Hello,
I've noticed an issue in Document Server behavior:
- Convert the attached document from DOCX to HTML with default settings.
- Take a look at HTML markup generated for any of the headers in the resulting document (e.g. "Abstract" or "Introduction"). You'll see something like this:
<ol start="2" style="margin-top:0;margin-bottom:0;"><li class="csC09771DB"><span class="csC05134DD">Introduction</span></li></ol>
This is wrong. They are headers, so they must be rendered as h1 or h2 (depending on the outline level).

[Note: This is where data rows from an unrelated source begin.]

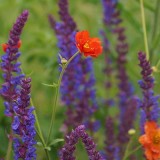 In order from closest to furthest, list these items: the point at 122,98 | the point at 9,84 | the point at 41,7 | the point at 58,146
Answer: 1. the point at 9,84
2. the point at 58,146
3. the point at 122,98
4. the point at 41,7

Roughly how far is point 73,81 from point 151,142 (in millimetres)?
927

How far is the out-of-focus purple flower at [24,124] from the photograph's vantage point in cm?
210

I did some debug and it appears that the styles for the paragraphs in question are inherited - probably that's why your logic does not detect their outline level. In order to handle such scenarios properly, you need to use something like this:
C#private int getStyleOutlineLevel(ParagraphStyle style)
{
if (style.OutlineLevel.HasValue
&& style.OutlineLevel.Value > 0)
{
return style.OutlineLevel.Value;
}
else if (style.Parent != null)
{
return getStyleOutlineLevel(style.Parent);
}
else
{
return 0;
}
}
Instead of simply checking for style.OutlineLevel.Value.

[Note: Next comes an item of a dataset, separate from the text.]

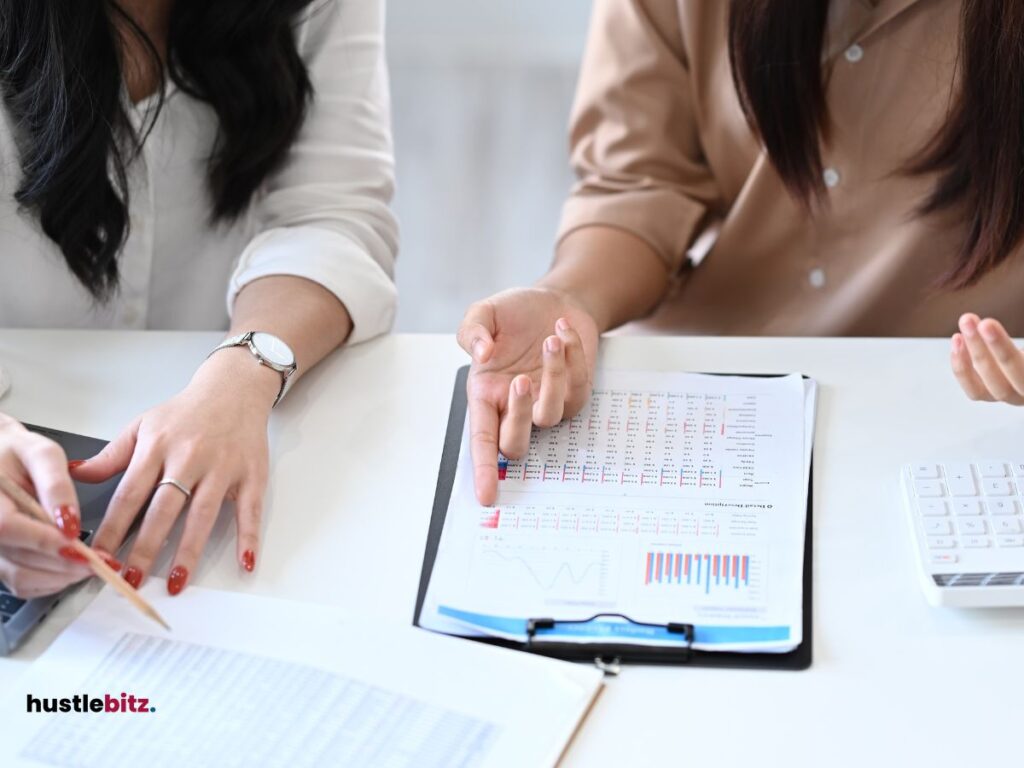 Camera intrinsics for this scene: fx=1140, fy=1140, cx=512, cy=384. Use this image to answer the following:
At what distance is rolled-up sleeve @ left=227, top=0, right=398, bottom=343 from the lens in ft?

Please fix this issue as it is important for me to get some real h1-h2 tags instead of simply replicating the needed heading style with spans and li.
Nickolay, Software Architect
ClickHelp - Online Documentation Tool
http://clickhelp.co
BTW, there are some additional (minor) issues with the HTML output for the document: the "Styles for the Article Body" header is converted to <ol><ol><li>, which is not correct a correct HTML according to http://stackoverflow.com/questions/5899337/proper-way-to-make-html-nested-list
The correct markup should be <ol><li><ol><li>.

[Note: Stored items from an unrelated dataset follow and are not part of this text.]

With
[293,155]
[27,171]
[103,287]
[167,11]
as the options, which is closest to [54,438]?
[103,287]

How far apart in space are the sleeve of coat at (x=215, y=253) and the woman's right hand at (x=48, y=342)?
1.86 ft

Also, the header is supposed to be "2.1. Styles for the Article Body", not "1. Styles for the Article Body", but I'm not sure whether Document Server is supposed to handle this numbering properly.
Nickolay, Software Architect
ClickHelp - Online Documentation Tool
http://clickhelp.co
Hello Nickolay,
It seems that the incorrect behavior occurs at the document importing level. For some reason, the Abstract title becomes numbered when the document is loaded to RichEditDocumentServer. As a result, the numeration is incorrect in the whole document and it affects export. I have passed this issue to our R&D team for further research.
Please stay tuned to our updates. We will notify you as soon as we make any progress.
Well, yes, for me the ideal behavior would be to simply convert all such auto-numbered headers to h1, h2, h3 etc. tags without any numbered lists - this would solve all the three issues mentioned in this case and this is why I wanted the original problem to be fixed. I was going to move all h1-h6 tags out of ol / ul tags and remove those tags.
In fact, considering the fact that HTML supports neither auto-numbered headers nor "broken" lists with lots of extra content between list items properly, this might make sense to remove the numbering during import indeed.
Nickolay, Software Architect
ClickHelp - Online Documentation Tool
http://clickhelp.co
Nickolay, you can try the following approach to remove numbering for paragraphs before the export to Html:
foreach (var paragraph in richEditDocumentServer.Document.Paragraphs) { if (!paragraph.IsInList) continue; int listLevel = paragraph.ListLevel; richEditDocumentServer.Document.Paragraphs.RemoveNumberingFromParagraph(paragraph); paragraph.OutlineLevel = listLevel + 1; }
Please let me know if this approach meets your requirements.
Hmmm, that's a very interesting idea. I tried to keep all my optimization logic on the HTML side, so I missed the obvious idea of pre-processing the Word document. Please tell me, can this solution can be extended to evaluate the correct index for the current list item, so I can not only remove its numbering and produce <h1>Header Text</h1>, but also adjust the paragraph's text during pre-processing so it becomes something like <h1>2.3. Header Text</h1> in the HTML?
Actually, let me describe my use case in detail - my experience with ASPxHtmlEditor tells me the more you know of my use cases the better for me in the future.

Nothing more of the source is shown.